**Work instruction**
Every entry must appear in the answer exactly as it does here.

[Dataset records]
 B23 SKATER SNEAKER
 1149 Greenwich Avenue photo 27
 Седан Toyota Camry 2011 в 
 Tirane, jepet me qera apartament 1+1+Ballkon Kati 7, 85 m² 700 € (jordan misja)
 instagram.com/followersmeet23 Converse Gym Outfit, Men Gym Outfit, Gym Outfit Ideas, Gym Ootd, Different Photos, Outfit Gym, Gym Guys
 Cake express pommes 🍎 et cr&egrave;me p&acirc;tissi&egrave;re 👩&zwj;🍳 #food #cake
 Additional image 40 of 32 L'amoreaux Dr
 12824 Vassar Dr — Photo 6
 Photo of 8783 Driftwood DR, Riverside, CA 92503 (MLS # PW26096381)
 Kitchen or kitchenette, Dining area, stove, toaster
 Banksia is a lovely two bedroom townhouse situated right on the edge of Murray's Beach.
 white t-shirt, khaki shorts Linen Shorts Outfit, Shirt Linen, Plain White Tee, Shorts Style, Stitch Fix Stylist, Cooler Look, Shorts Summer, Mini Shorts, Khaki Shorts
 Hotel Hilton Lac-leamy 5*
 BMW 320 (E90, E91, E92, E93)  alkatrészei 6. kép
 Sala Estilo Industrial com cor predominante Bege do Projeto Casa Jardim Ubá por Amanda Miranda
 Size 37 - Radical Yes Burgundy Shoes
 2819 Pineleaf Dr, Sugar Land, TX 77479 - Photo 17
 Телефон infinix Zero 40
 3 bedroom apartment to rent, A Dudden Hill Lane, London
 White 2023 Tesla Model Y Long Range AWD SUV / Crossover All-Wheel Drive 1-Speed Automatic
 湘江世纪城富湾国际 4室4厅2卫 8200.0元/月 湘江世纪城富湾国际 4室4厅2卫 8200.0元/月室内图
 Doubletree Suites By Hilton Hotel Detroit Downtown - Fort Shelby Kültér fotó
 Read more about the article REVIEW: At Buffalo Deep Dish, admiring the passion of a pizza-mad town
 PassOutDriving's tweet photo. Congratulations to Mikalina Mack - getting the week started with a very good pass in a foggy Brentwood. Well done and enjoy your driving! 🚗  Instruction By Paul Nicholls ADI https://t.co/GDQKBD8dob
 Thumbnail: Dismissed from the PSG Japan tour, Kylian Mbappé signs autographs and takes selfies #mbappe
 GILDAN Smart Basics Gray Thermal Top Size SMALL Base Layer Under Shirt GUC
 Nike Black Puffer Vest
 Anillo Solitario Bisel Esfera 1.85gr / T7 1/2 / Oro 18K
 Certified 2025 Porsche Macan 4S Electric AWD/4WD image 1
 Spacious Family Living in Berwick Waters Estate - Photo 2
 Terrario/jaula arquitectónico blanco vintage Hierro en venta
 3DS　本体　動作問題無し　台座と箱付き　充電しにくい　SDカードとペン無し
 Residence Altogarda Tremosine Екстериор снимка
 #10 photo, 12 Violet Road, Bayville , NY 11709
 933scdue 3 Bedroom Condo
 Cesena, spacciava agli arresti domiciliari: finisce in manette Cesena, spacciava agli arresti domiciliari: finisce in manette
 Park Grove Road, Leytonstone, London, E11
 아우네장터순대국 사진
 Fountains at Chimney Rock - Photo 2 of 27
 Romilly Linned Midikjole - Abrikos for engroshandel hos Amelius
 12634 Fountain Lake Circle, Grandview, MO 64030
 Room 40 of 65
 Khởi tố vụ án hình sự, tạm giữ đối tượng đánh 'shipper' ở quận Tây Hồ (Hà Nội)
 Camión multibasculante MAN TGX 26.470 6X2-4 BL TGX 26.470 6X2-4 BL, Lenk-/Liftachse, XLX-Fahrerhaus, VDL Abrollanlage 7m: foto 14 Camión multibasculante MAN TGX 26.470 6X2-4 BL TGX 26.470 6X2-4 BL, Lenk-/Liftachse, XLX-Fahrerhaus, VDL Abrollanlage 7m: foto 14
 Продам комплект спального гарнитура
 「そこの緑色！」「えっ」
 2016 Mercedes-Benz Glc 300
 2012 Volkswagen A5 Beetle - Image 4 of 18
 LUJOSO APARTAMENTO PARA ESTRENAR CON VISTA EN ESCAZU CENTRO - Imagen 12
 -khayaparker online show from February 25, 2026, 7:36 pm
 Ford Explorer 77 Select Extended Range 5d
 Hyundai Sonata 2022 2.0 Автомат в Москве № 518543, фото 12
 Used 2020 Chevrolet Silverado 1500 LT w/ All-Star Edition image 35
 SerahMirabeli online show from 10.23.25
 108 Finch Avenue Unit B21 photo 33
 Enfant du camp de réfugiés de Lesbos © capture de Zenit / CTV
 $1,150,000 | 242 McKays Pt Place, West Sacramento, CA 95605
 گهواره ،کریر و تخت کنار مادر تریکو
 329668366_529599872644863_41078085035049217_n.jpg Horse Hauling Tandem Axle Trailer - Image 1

**Answer to the problem**
 B23 SKATER SNEAKER
 1149 Greenwich Avenue photo 27
 Седан Toyota Camry 2011 в 
 Tirane, jepet me qera apartament 1+1+Ballkon Kati 7, 85 m² 700 € (jordan misja)
 instagram.com/followersmeet23 Converse Gym Outfit, Men Gym Outfit, Gym Outfit Ideas, Gym Ootd, Different Photos, Outfit Gym, Gym Guys
 Cake express pommes 🍎 et cr&egrave;me p&acirc;tissi&egrave;re 👩&zwj;🍳 #food #cake
 Additional image 40 of 32 L'amoreaux Dr
 12824 Vassar Dr — Photo 6
 Photo of 8783 Driftwood DR, Riverside, CA 92503 (MLS # PW26096381)
 Kitchen or kitchenette, Dining area, stove, toaster
 Banksia is a lovely two bedroom townhouse situated right on the edge of Murray's Beach.
 white t-shirt, khaki shorts Linen Shorts Outfit, Shirt Linen, Plain White Tee, Shorts Style, Stitch Fix Stylist, Cooler Look, Shorts Summer, Mini Shorts, Khaki Shorts
 Hotel Hilton Lac-leamy 5*
 BMW 320 (E90, E91, E92, E93)  alkatrészei 6. kép
 Sala Estilo Industrial com cor predominante Bege do Projeto Casa Jardim Ubá por Amanda Miranda
 Size 37 - Radical Yes Burgundy Shoes
 2819 Pineleaf Dr, Sugar Land, TX 77479 - Photo 17
 Телефон infinix Zero 40
 3 bedroom apartment to rent, A Dudden Hill Lane, London
 White 2023 Tesla Model Y Long Range AWD SUV / Crossover All-Wheel Drive 1-Speed Automatic
 湘江世纪城富湾国际 4室4厅2卫 8200.0元/月 湘江世纪城富湾国际 4室4厅2卫 8200.0元/月室内图
 Doubletree Suites By Hilton Hotel Detroit Downtown - Fort Shelby Kültér fotó
 Read more about the article REVIEW: At Buffalo Deep Dish, admiring the passion of a pizza-mad town
 PassOutDriving's tweet photo. Congratulations to Mikalina Mack - getting the week started with a very good pass in a foggy Brentwood. Well done and enjoy your driving! 🚗  Instruction By Paul Nicholls ADI https://t.co/GDQKBD8dob
 Thumbnail: Dismissed from the PSG Japan tour, Kylian Mbappé signs autographs and takes selfies #mbappe
 GILDAN Smart Basics Gray Thermal Top Size SMALL Base Layer Under Shirt GUC
 Nike Black Puffer Vest
 Anillo Solitario Bisel Esfera 1.85gr / T7 1/2 / Oro 18K
 Certified 2025 Porsche Macan 4S Electric AWD/4WD image 1
 Spacious Family Living in Berwick Waters Estate - Photo 2
 Terrario/jaula arquitectónico blanco vintage Hierro en venta
 3DS　本体　動作問題無し　台座と箱付き　充電しにくい　SDカードとペン無し
 Residence Altogarda Tremosine Екстериор снимка
 #10 photo, 12 Violet Road, Bayville , NY 11709
 933scdue 3 Bedroom Condo
 Cesena, spacciava agli arresti domiciliari: finisce in manette Cesena, spacciava agli arresti domiciliari: finisce in manette
 Park Grove Road, Leytonstone, London, E11
 아우네장터순대국 사진
 Fountains at Chimney Rock - Photo 2 of 27
 Romilly Linned Midikjole - Abrikos for engroshandel hos Amelius
 12634 Fountain Lake Circle, Grandview, MO 64030
 Room 40 of 65
 Khởi tố vụ án hình sự, tạm giữ đối tượng đánh 'shipper' ở quận Tây Hồ (Hà Nội)
 Camión multibasculante MAN TGX 26.470 6X2-4 BL TGX 26.470 6X2-4 BL, Lenk-/Liftachse, XLX-Fahrerhaus, VDL Abrollanlage 7m: foto 14 Camión multibasculante MAN TGX 26.470 6X2-4 BL TGX 26.470 6X2-4 BL, Lenk-/Liftachse, XLX-Fahrerhaus, VDL Abrollanlage 7m: foto 14
 Продам комплект спального гарнитура
 「そこの緑色！」「えっ」
 2016 Mercedes-Benz Glc 300
 2012 Volkswagen A5 Beetle - Image 4 of 18
 LUJOSO APARTAMENTO PARA ESTRENAR CON VISTA EN ESCAZU CENTRO - Imagen 12
 -khayaparker online show from February 25, 2026, 7:36 pm
 Ford Explorer 77 Select Extended Range 5d
 Hyundai Sonata 2022 2.0 Автомат в Москве № 518543, фото 12
 Used 2020 Chevrolet Silverado 1500 LT w/ All-Star Edition image 35
 SerahMirabeli online show from 10.23.25
 108 Finch Avenue Unit B21 photo 33
 Enfant du camp de réfugiés de Lesbos © capture de Zenit / CTV
 $1,150,000 | 242 McKays Pt Place, West Sacramento, CA 95605
 گهواره ،کریر و تخت کنار مادر تریکو
 329668366_529599872644863_41078085035049217_n.jpg Horse Hauling Tandem Axle Trailer - Image 1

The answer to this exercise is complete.